SUNDAY MAGAZINE

Discordant notes?

ANIL DHARKER

Ustad Bismillah Khan ... an issue of our attitude towards culture.

Ustad Bismillah Khan ... an issue of our attitude towards culture.  

THE shehnai is an instrument of celebration but it has overtones of melancholy in it. The sadness has been emphasised in the recent controversy featuring Ustad Bismillah Khan.

In case you have forgotten, the shehnai maestro recently appealed to the Prime Minister for financial help. (He didn't actually ask for money; he just wanted the PM to sanction a gas agency to his grandson. The banality of this request somehow made matters worse). Another maestro, Pandit Bhimsen Joshi, came out at the top of his vocal range (which is considerable), against Khan saheb's appeal. "I am disgusted," he said publicly, adding that such conduct was unbecoming of so senior a maestro.

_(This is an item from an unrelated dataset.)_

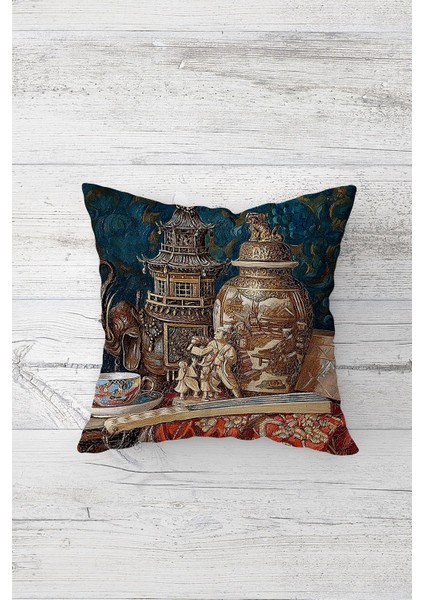 Etnik Desenli Çift Tarafı Baskılı Gizli Fermuarlı Yastık Kılıfı Kırlent Koltuk Yastık Kılıfı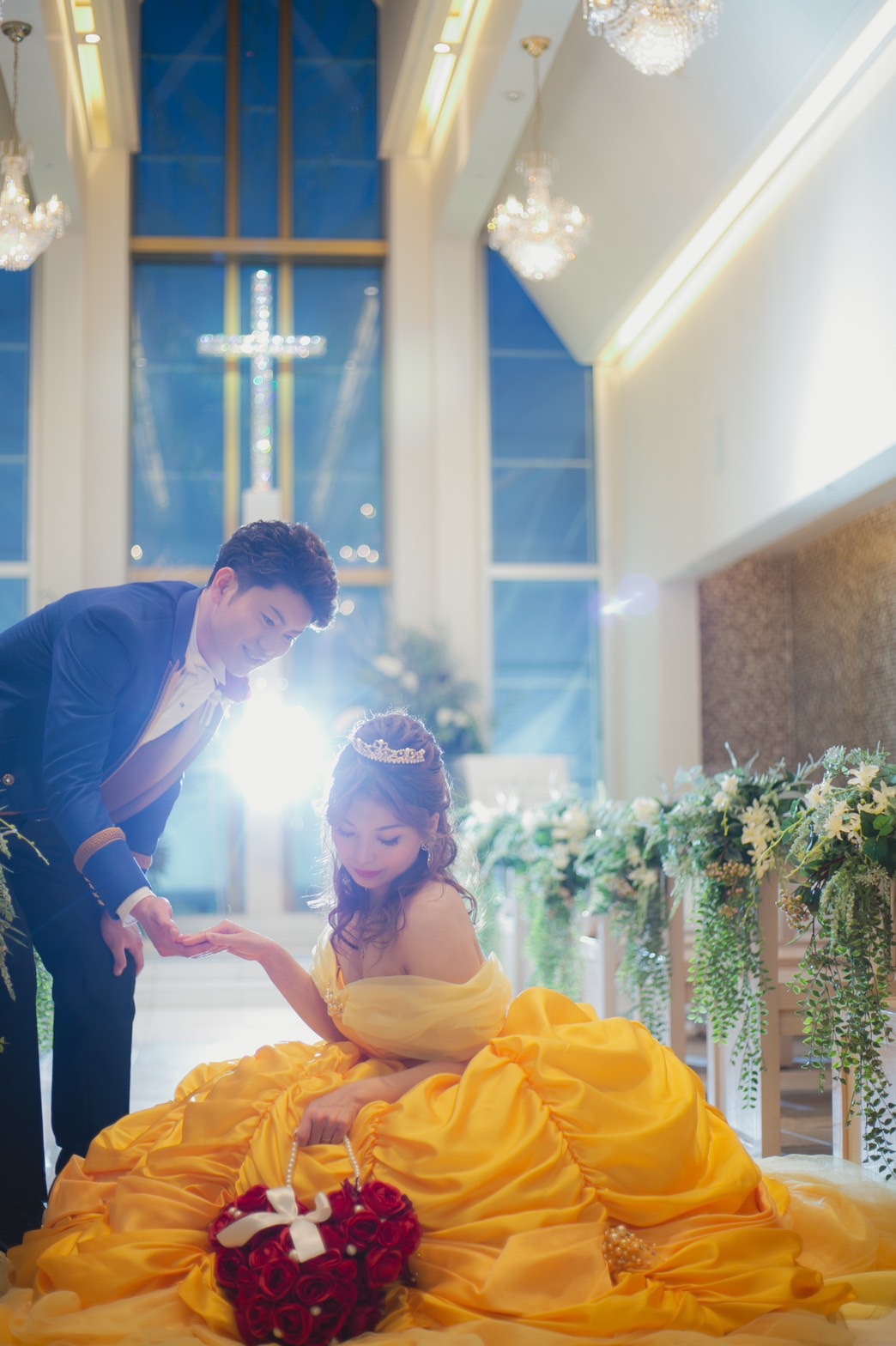 ディズニーがテーマの結婚式美女と野獣のベルの花嫁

Would any of us disagree with the Pandit? To a modern sensibility, particularly a modern urban sensibility, in the Ustad versus Pandit stand-off, we would surely be on the side of the latter. To us, it is undignified, in fact, undignified in the extreme, for a Bismillah Khan to ask for government favours. Such a favour-seeking reeks of the old values of patronage and feudalism, and these are habits we want to shake off.

Yet has the world of arts and culture shaken them off at all? Or is the Ustad only the extreme manifestation of a very commonplace phenomenon? Extreme he certainly is: Bismillah Khan, years before everyone called him Ustad, had taken the shehnai from the marriage mandap to the concert hall. He single-handedly pioneered the conversion of a mundane ceremonial instrument into one capable of expressing a range of human emotions and musical nuances. His long career and his eminence have assured him of a continuously busy performance calendar as well as the highest fees. In other words, the Ustad at this stage in his life should have been more comfortably off than most of us. He isn't for two very simple reasons: the first, he hasn't invested his money wisely. Two, his joint family has invested in him rather wisely and rather largely: at the last count, his joint family, totalling 60 people, all lived off him.

Yes, the Ustad is an extreme, but apart from that, is he any different from all other maestros and artists who keep him company in today's cultural territory? To start with, there's the nepotism. Pandit Ravi Shankar's star pupil is his daughter; Ustad Amjad Khan's star pupils are his sons. Then there's Pandit Jasraj's daughter, someone else's son, or brother or sister or, even, spouse. Not all of them are stars because of talent; in fact, some of them would never have been on the same stage as their famous relative if it weren't for the fact that they are relatives. This is nepotism by any modern definition, but when you use the word gharana, suddenly the negative connotations of the N word disappear. Ustad Bismillah Khan's nepotism, you could argue, is far purer because there is no pretence to it: he is a famous artist, capable of earning reasonable sums of money, so he supports an army of relatives, many of them completely devoid of talent. Perhaps instead of condemning him, we should thank him. For couldn't he too have had a gharana and inflicted many unmusical musicians on us, who would have first shared a stage with him, and later continued to give solo concerts on the basis of a name already famous? Then there is the issue of patronage. Most of us would have no hesitation in agreeing with Pandit Bhimsen Joshi that Bismillah Khan's posture of supplication was unbecoming of him. But has patronage and hierarchy and feudalism ever been far from the world of music and musicians? It hasn't; the state has always been a patron. First musicians had as patrons yesterday's kings and princes. Now they have today's kings and princes, i.e. ministers and politicians. Nothing much has changed.

Ustad Bismillah Khan's mistake was in asking for such a small favour. A gas agency! How petty and lacking in vision! On the other hand, if he had asked the government for land to house a musical academy and funds to raise the building and a continuing supply of money to run the academy, most people (possibly including Joshi) would have applauded. And there wouldn't have been a murmur if the Ustad had appointed all 60 of his family to man (and woman and child) this academy. That would have been the ruin of a whole future generation of musicians attracted to the academy by the Khan name. A gas agency, on the other hand, gets a lot of kitchens going without doing anyone any harm.

And why stop at the academies? The government has a whole lot of schemes, which bestow favours on artists of all kinds: there are subsidised houses; or freely gifted plots of land and honours and honorariums... All the government ever asks for in return is that the musicians genuflect a little and be obsequious a little more. Corporate sponsorship may be somewhat more sophisticated, but it too asks for the beneficiaries to be suitably (and publicly) grateful.

Yes, the Ustad is like everyone else, just more extreme. He is more unselfish, less discriminating in his largesse, less financially capable and more limited in his requests for favours. But he is like almost all musicians ever have been in India and ever will be. Unless, of course, a whole lot of things change. Our attitude to culture, for instance.

Anil Dharker is a journalist, media critic and writer.